→ The problem: What follows is a set of records. Retype them exactly, leaving out the pictures.

→ Exercise input:
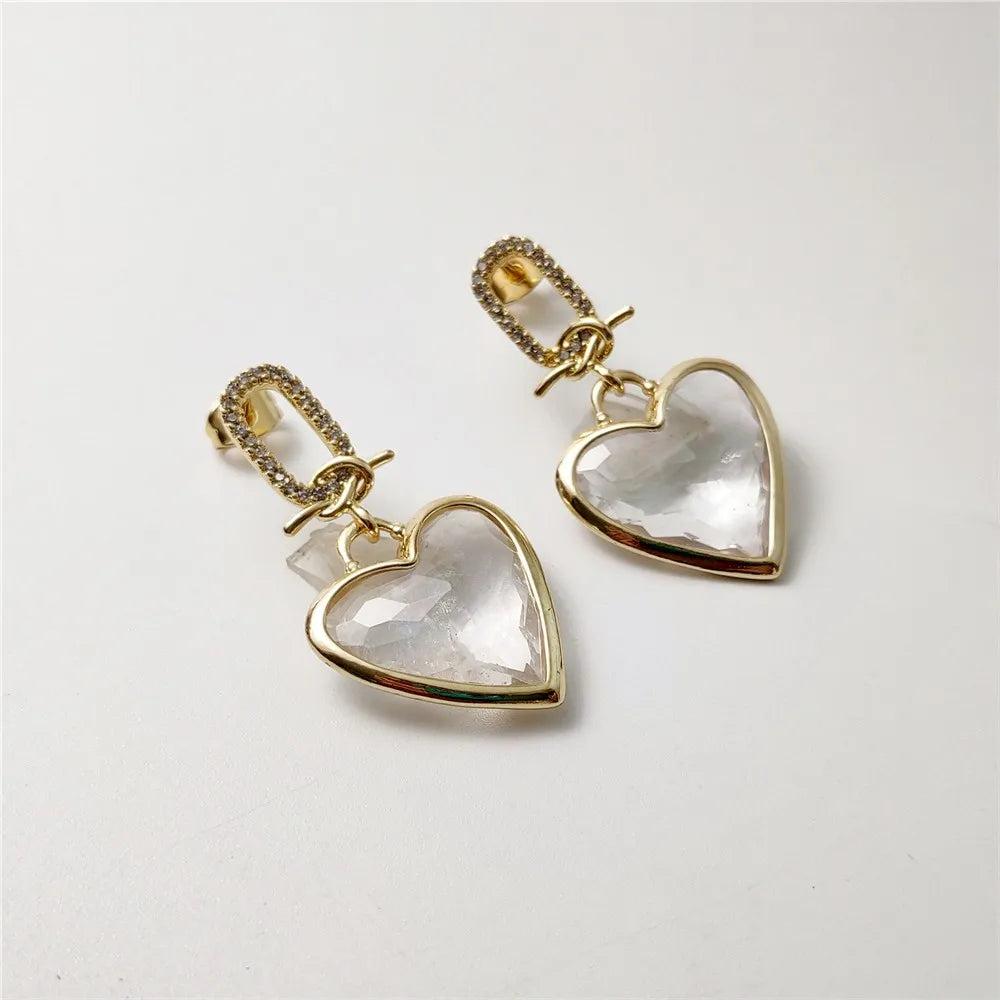 FUWO Handcraft Natural Clear Quartz Heart Shaped Faceted Crystal Earrings with gold-tone accents and sparkling cubic zirconia.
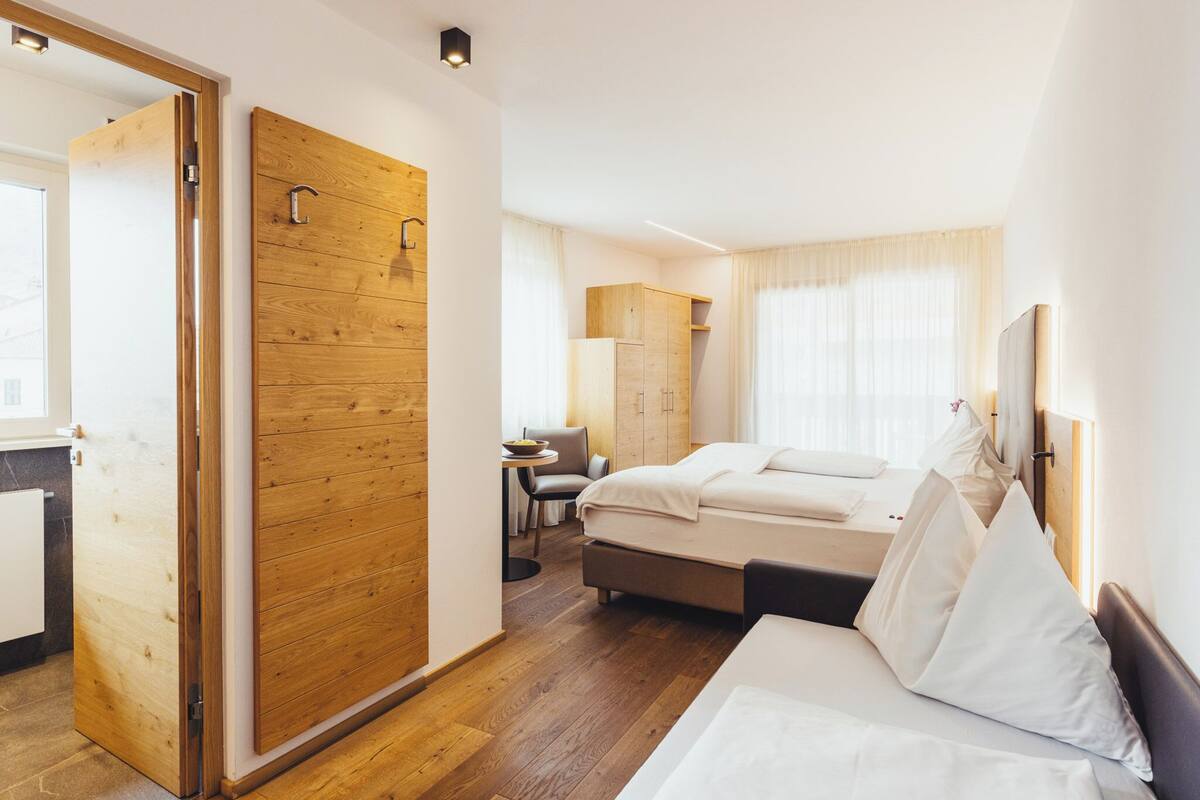 Une chambre d’hôtel avec une armoire en bois, un lit avec du linge de maison blanc, une petite table avec une chaise et une fenêtre avec des rideaux.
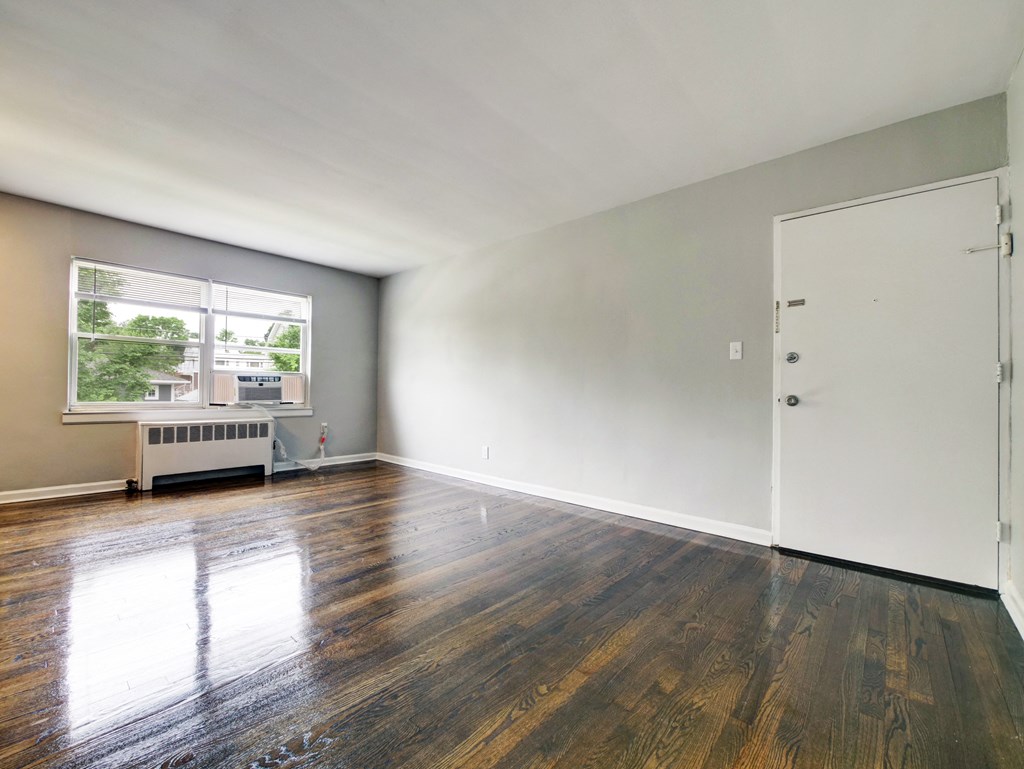 an empty living room with wood floors and a window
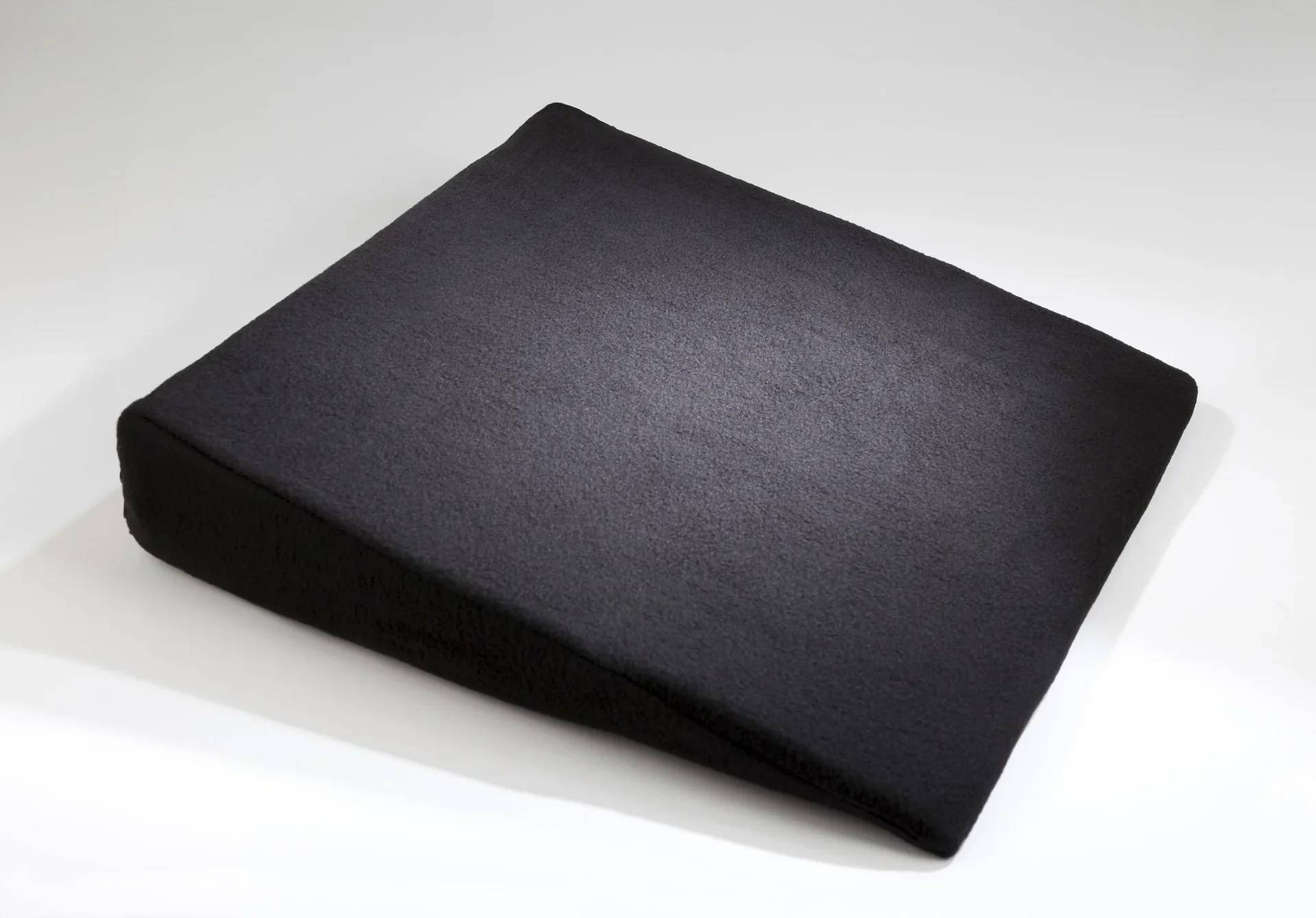 Ein dunkelgraues Sitzkissen aus Memory Foam mit leichter Neigung, das entwickelt wurde, um Komfort und Unterstützung zu bieten.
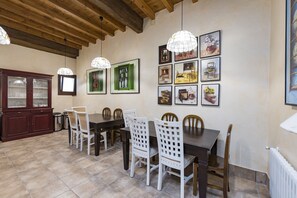 A dining area with a wooden ceiling, a dark wooden table, white chairs, and framed artwork on the wall.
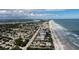 Aerial view of beach town, showcasing houses, ocean, and shoreline at 830 Maralyn Ave, New Smyrna Beach, FL 32169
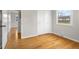 Bedroom with hardwood floors, closet, window, and neutral paint at 3104 S Pisgah Way, Columbus, IN 47203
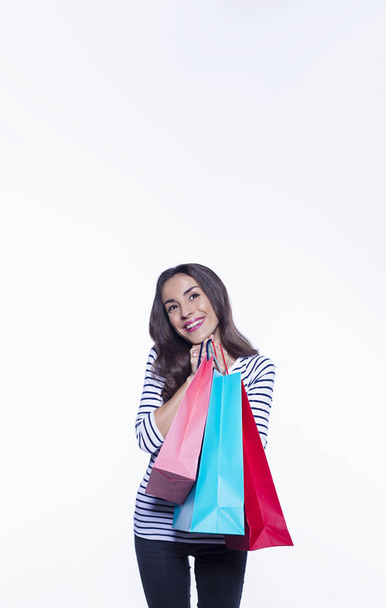 Sale concept. Shopping smiling beautiful woman holding colored shoping bags in casual clothes isolated on white background. Black friday holiday - Φωτογραφία, εικόνα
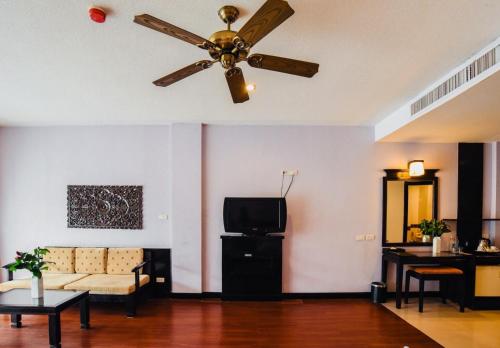 a living room with a ceiling fan and a couch at Ramada by Wyndham Aonang Krabi in Ao Nang Beach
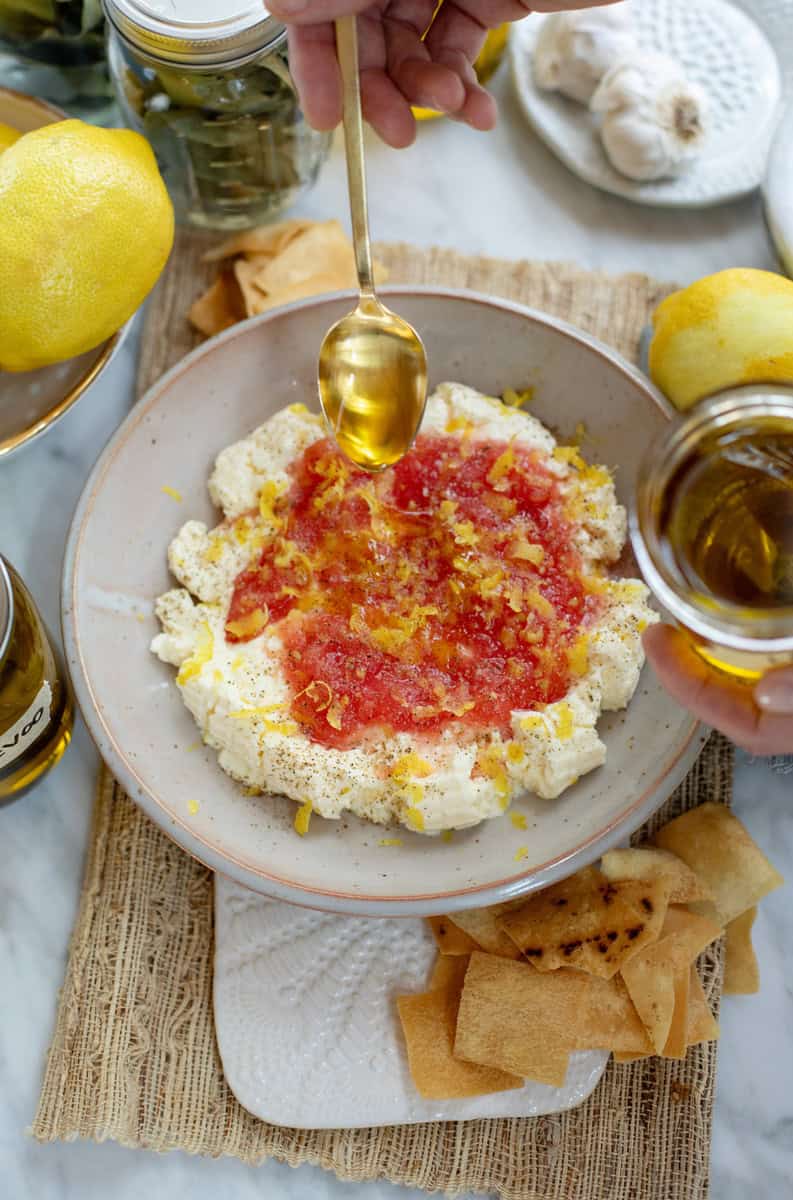 drizzling infused lemon olive oil over cheese and grated tomatoes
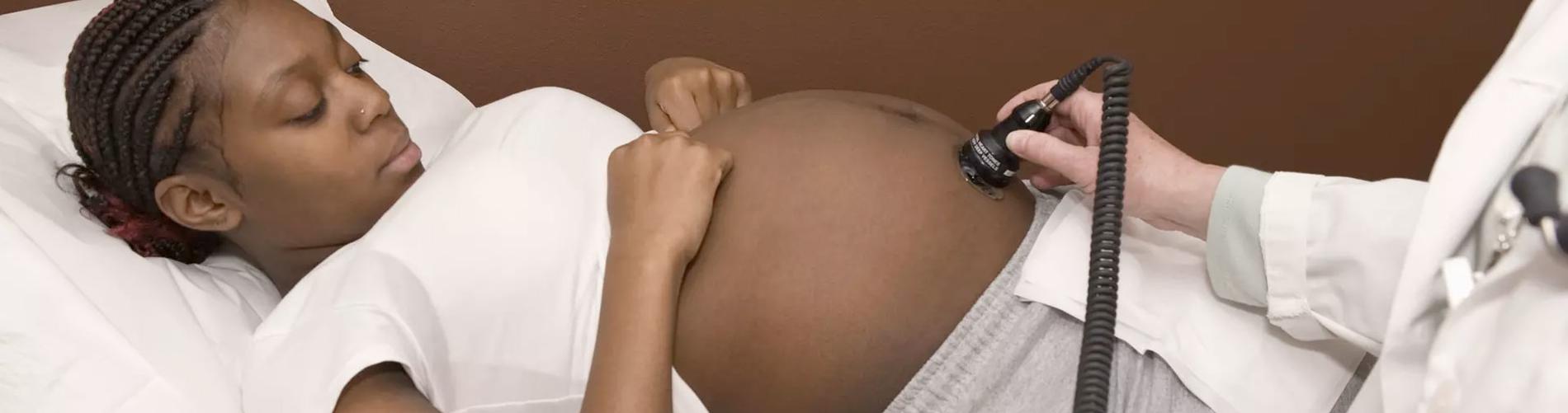 Pregnant mother getting her unborn baby examined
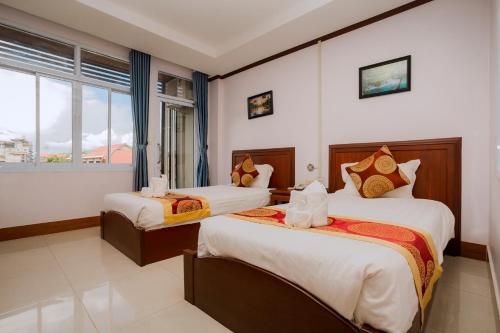a hotel room with two beds and a window at Vilayvong Hotel in Vang Vieng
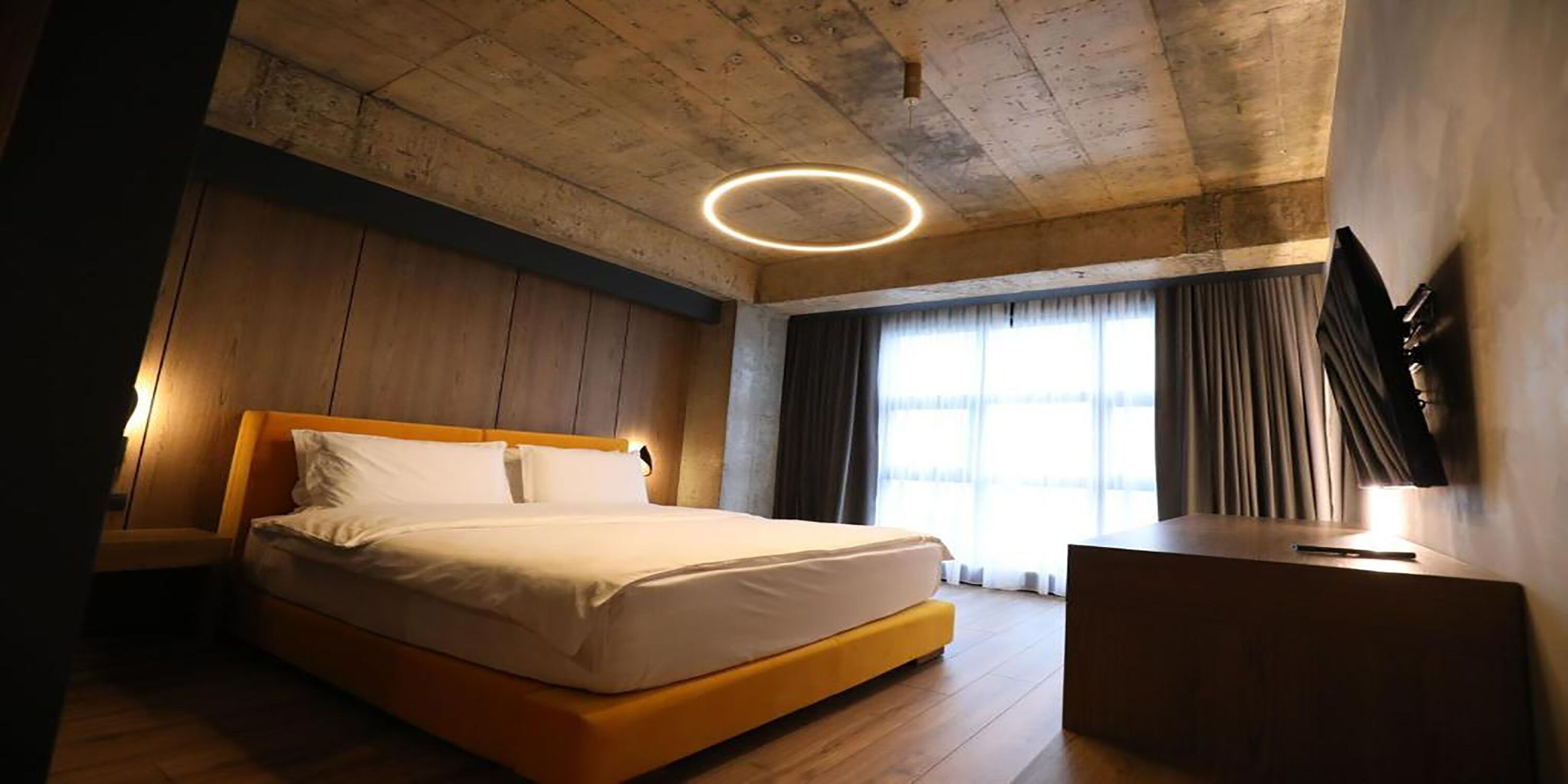 Une chambre d’hôtel moderne dotée d’un grand lit, de murs recouverts de panneaux en bois, d’un luminaire circulaire, d’un téléviseur à écran plat et d’une grande fenêtre avec des rideaux.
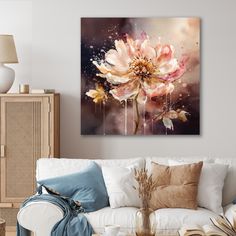 a living room scene with focus on the couch and large flower painting hanging above it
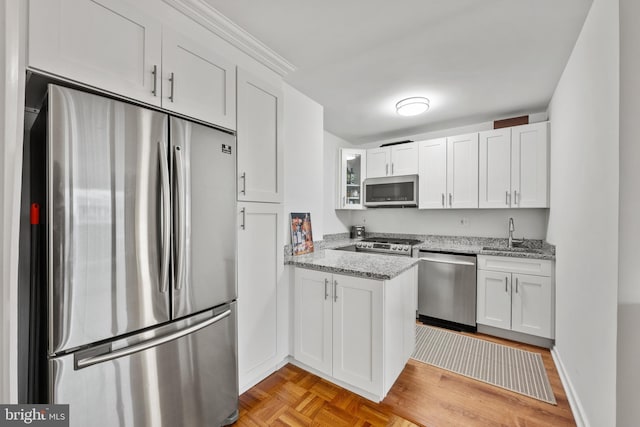 kitchen featuring light stone countertops, appliances with stainless steel finishes, sink, and white cabinets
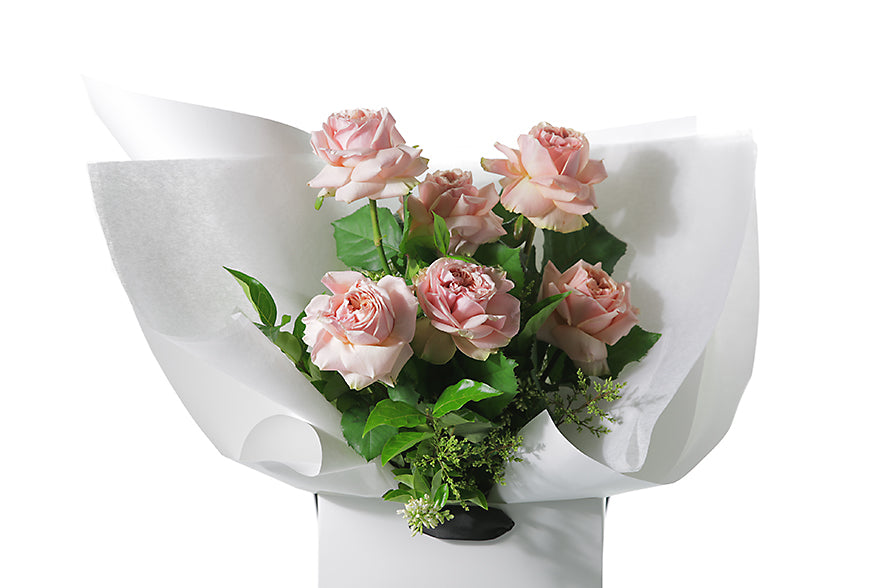 Close up image of the roses and bouquet. Classic rose bouquet featuring 6 stems of classic pink roses and green seasonal foliage. Gift bouquet presented in Kate Hill Flower Bag. Bouquet bag sitting on a black bentwood chair.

→ Solution for this problem:
 FUWO Handcraft Natural Clear Quartz Heart Shaped Faceted Crystal Earrings with gold-tone accents and sparkling cubic zirconia.
 Une chambre d’hôtel avec une armoire en bois, un lit avec du linge de maison blanc, une petite table avec une chaise et une fenêtre avec des rideaux.
 an empty living room with wood floors and a window
 Ein dunkelgraues Sitzkissen aus Memory Foam mit leichter Neigung, das entwickelt wurde, um Komfort und Unterstützung zu bieten.
 A dining area with a wooden ceiling, a dark wooden table, white chairs, and framed artwork on the wall.
 Aerial view of beach town, showcasing houses, ocean, and shoreline at 830 Maralyn Ave, New Smyrna Beach, FL 32169
 Bedroom with hardwood floors, closet, window, and neutral paint at 3104 S Pisgah Way, Columbus, IN 47203
 Sale concept. Shopping smiling beautiful woman holding colored shoping bags in casual clothes isolated on white background. Black friday holiday - Φωτογραφία, εικόνα
 a living room with a ceiling fan and a couch at Ramada by Wyndham Aonang Krabi in Ao Nang Beach
 drizzling infused lemon olive oil over cheese and grated tomatoes
 Pregnant mother getting her unborn baby examined
a hotel room with two beds and a window at Vilayvong Hotel in Vang Vieng
 Une chambre d’hôtel moderne dotée d’un grand lit, de murs recouverts de panneaux en bois, d’un luminaire circulaire, d’un téléviseur à écran plat et d’une grande fenêtre avec des rideaux.
 a living room scene with focus on the couch and large flower painting hanging above it
 kitchen featuring light stone countertops, appliances with stainless steel finishes, sink, and white cabinets
 Close up image of the roses and bouquet. Classic rose bouquet featuring 6 stems of classic pink roses and green seasonal foliage. Gift bouquet presented in Kate Hill Flower Bag. Bouquet bag sitting on a black bentwood chair.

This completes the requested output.